[[ Source data open ]]

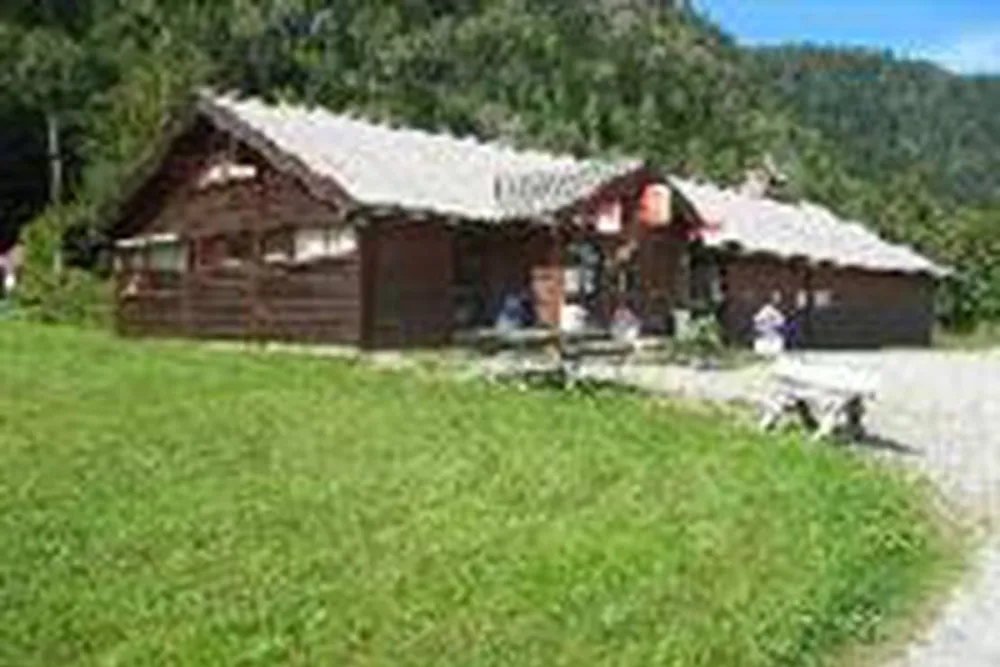 Fjordgløtt Camping Og Hyttesenter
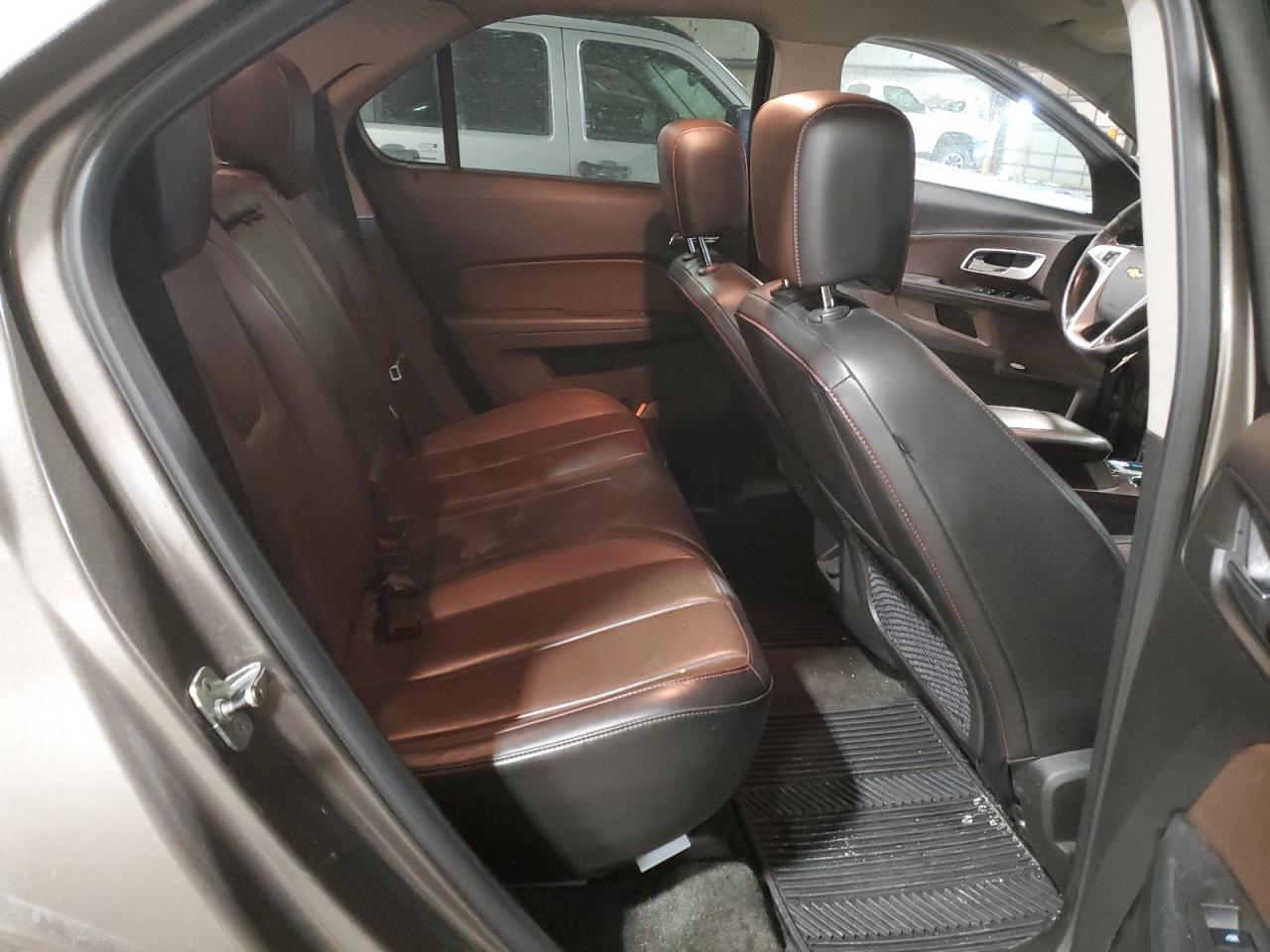 2011 Chevrolet Equinox - Image 11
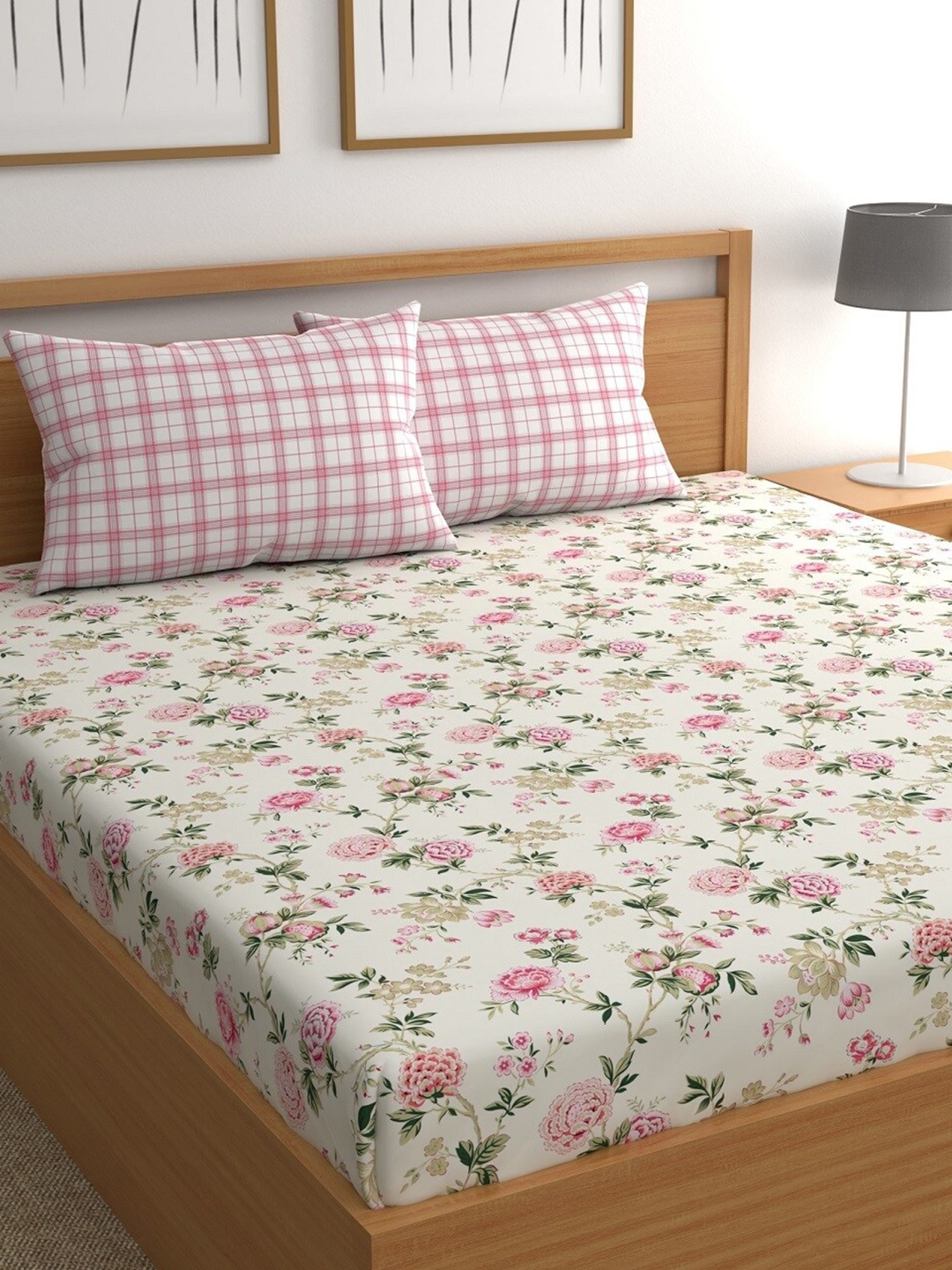 CHHAVI INDIA Off White & Pink Floral Ultra Soft 210 TC King Bedsheet with 2 Pillow Covers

[[ Source data closed ]]

■ What the exercise asks
Your copy should match the data above exactly, apart from the pictures.

■ Result below
 Fjordgløtt Camping Og Hyttesenter
 2011 Chevrolet Equinox - Image 11
 CHHAVI INDIA Off White & Pink Floral Ultra Soft 210 TC King Bedsheet with 2 Pillow Covers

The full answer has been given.